Haaland nie śpi przez dramat Bryne FK. Napastnik poruszony losem byłego klubu

Erling Haaland, gwiazda Manchesteru City, nie może przejść obojętnie obok problemów klubu z dzieciństwa. Chaos w norweskiej ekipie nasilił się po niedawnym zwolnieniu trzech kluczowych piłkarzy.

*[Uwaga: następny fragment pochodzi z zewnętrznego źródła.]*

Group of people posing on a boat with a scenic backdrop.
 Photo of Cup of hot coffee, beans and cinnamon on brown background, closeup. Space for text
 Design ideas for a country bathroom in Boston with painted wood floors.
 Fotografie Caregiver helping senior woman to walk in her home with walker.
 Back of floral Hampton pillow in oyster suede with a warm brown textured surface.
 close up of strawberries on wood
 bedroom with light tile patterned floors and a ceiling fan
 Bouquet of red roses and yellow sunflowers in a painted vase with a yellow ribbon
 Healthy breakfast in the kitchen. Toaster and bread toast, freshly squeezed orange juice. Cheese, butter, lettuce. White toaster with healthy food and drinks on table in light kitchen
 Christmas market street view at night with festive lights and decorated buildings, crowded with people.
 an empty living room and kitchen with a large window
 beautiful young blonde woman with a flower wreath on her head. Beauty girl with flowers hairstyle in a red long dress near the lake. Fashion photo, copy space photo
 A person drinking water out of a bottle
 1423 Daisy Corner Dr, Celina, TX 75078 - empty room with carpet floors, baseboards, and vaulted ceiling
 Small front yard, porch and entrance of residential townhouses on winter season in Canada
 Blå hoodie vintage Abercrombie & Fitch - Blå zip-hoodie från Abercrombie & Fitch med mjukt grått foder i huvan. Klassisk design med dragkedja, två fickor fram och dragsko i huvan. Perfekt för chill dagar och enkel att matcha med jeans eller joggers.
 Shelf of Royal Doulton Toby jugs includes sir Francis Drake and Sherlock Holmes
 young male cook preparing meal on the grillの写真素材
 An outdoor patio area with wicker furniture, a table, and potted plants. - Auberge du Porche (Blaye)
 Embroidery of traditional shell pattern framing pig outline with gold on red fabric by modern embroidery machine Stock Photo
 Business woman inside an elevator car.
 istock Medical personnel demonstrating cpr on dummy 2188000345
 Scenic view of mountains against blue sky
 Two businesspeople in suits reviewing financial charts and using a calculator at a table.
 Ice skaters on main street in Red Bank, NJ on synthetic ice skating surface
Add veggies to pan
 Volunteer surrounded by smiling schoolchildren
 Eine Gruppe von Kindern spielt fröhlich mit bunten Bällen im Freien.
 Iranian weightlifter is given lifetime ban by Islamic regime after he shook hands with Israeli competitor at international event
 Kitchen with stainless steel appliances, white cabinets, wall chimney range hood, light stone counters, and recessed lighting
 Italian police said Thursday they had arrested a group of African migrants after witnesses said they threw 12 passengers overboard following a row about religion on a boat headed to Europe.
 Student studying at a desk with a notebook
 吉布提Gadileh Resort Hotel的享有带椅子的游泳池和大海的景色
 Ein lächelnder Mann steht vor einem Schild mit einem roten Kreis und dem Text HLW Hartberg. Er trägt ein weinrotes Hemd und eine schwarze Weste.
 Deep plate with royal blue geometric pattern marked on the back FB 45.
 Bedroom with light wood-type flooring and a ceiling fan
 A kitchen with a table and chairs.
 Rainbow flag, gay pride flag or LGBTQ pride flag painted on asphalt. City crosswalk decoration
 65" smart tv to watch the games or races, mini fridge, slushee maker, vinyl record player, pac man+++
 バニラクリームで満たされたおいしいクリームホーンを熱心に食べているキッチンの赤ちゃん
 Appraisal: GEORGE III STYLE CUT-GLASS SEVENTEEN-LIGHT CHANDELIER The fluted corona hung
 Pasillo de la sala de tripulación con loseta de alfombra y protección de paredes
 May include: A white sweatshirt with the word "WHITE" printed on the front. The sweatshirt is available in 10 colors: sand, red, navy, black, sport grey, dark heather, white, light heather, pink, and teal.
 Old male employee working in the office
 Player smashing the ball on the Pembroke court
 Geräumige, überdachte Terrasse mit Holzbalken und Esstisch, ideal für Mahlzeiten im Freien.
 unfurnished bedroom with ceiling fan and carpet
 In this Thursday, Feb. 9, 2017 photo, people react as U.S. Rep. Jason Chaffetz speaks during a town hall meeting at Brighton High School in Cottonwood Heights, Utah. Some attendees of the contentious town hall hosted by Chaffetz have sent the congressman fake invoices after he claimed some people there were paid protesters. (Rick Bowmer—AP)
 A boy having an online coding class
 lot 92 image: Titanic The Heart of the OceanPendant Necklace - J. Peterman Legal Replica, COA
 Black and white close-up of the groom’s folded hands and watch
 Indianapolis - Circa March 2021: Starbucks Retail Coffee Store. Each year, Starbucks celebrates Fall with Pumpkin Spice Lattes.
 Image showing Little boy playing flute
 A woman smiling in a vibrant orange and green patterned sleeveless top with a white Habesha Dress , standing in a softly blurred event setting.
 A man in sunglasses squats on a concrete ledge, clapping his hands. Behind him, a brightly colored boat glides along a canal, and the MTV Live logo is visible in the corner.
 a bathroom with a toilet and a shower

Erling Haaland bez ogródek przyznaje, że nie śpi spokojnie, odkąd w Bryne FK – klubie, w którym stawiał pierwsze piłkarskie kroki – rozpętał się totalny chaos. Choć dziś jest czołową postacią Manchesteru City, nie zapomniał o miejscu, gdzie wszystko się zaczęło.
Czytaj także
Norweski napastnik zabrzmiał wyjątkowo szczerze na swoich profilach społecznościowych, pytając: „Co się dzieje w Bryne?”. Parę godzin później już jawnie wybuchł: „W moim dawnym klubie panuje chaos, to mnie wkurza.”
Powód frustracji jest oczywisty. Bryne FK, beniaminek norweskiej ekstraklasy, po 20 kolejkach ugrzęzł na 14. miejscu w tabeli. We wtorek wokół drużyny zawrzało jeszcze mocniej – zarząd postanowił natychmiastowo rozwiązać kontrakty trzech piłkarzy. Na wylocie znaleźli się Axel Kryger, Jens Husebo oraz Robert Undheim. Dla Haalanda szczególnie bolesna okazała się utrata Undheima – legendy Bryne i kapitana z 11-letnim stażem, z którym miał okazję grać w jednej drużynie. Tak nieoczekiwany finał sprawił, że temat nie znika z głowy gwiazdora, który otwarcie przyznał, że aż nie może przez to spać.
Prowadzę życie daleko od rodzinnych stron, ale to, co dzieje się w Bryne, wciąż mocno mnie dotyka.